The development of new research methods for drug analysis represents one of the most significant aspects of modern drug development. However, this complicated process still faces challenges including time consumption, low-throughput, poor reliability, and high costs.
Traditional 2D static cultures often fail to predict in vivo responses due to their intrinsic inability to properly mimic the tissue physiological architecture. This gap has driven the development of novel in vitro systems, including microphysiological systems (MPS) like MIVO®. The core concept is to provide a fluid-dynamic cell culture environment that better resembles the human body, enhancing drug discovery and disease understanding.
Microfluidic “lab-on-a-chip” platforms have gained popularity for high-throughput drug screening, but they come with important limitations for broader drug development studies. These tiny systems condense multiple laboratory functions onto a chip just a few centimeters across, with internal channels measuring only few micrometers. This extreme miniaturization drastically reduces sample requirements, allowing experiments at the single-cell level. However, this comes with a trade-off: the small scale can compromise the physiological relevance of the results.
The Critical Difference: Scale and Physiological Relevance
The key distinction between MIVO® and conventional microfluidic organ-on-chip systems lies in scale and physiological fidelity. Microfluidic chips typically accommodate only a few hundred cells, whereas MIVO® has been designed to host clinically relevant size 3D tissue models including patient-derived biopsies, bioprinted scaffolds, and commercialized reconstructed tissues.
MIVO® reproduces the mechanical shear stress typical of in vivo fluid dynamics, simulating the dynamic flow of blood capillaries that nourish tissues and transport nutrients and drugs.

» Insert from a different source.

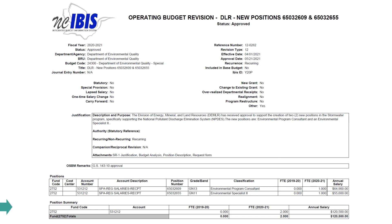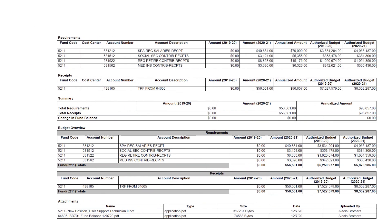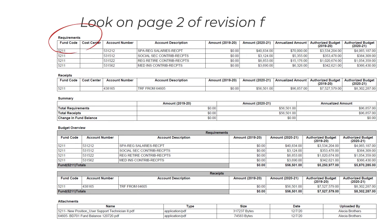The Positions Summary portion of the revision only shows the mandatory fields and will combine all information in the same fund and account. Any changes reflected in the Positions section should also be reflected in the Requirements section of the revision, with some exceptions for using salary reserve, which should be clearly detailed in the budget revision justification.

This is made possible by handling larger fluid volumes—up to several milliliters—at controlled flow rates, enabling the platform to support both small-scale tissue models and larger, clinically relevant constructs.
Why MIVO® Outperforms Microfluidic Organ-on-Chip Systems
• Physiological Scale: MIVO® is the only organ-on-chip technology that combines clinically relevant tissue size with independent millifluidic environments where fluid flow is fully controlled. This enables the study of tissue behavior under conditions that closely mirror human physiology.
• Enhanced Functional Assessment: Microfluidic organ-on-chip devices often fail to fully exhibit the authentic functionalities of organs due to their small size. MIVO® overcomes this limitation, allowing researchers to observe complex tissue behaviors that would be impossible in miniature systems.
• Multi-Organ Integration: While microfluidic chips typically handle single-organ models, MIVO® allows for fluidically connected multi-organ configurations where different tissue types share the same simulated blood flow. This enables comprehensive studies of organ-organ interactions under physiological flow conditions.
• Practical Application: The smaller scale of microfluidic chips makes them unsuitable for late-stage drug development and preclinical studies requiring complex, in vivo-like environments. MIVO® bridges this gap, providing a platform that can effectively investigate drug toxicity and efficacy in a more relevant context.
By addressing the fundamental limitation of scale in microfluidic organ-on-chip systems, MIVO® represents a significant advancement in creating predictive in vitro models that better translate to clinical outcomes. This technology enables researchers to move beyond simplistic 2D cultures and microfluidic miniaturization toward truly human-relevant drug testing platforms.
With MIVO®, the future of drug development is no longer constrained by the limitations of miniature systems but instead empowered by the ability to recreate human physiology at the scale that matters.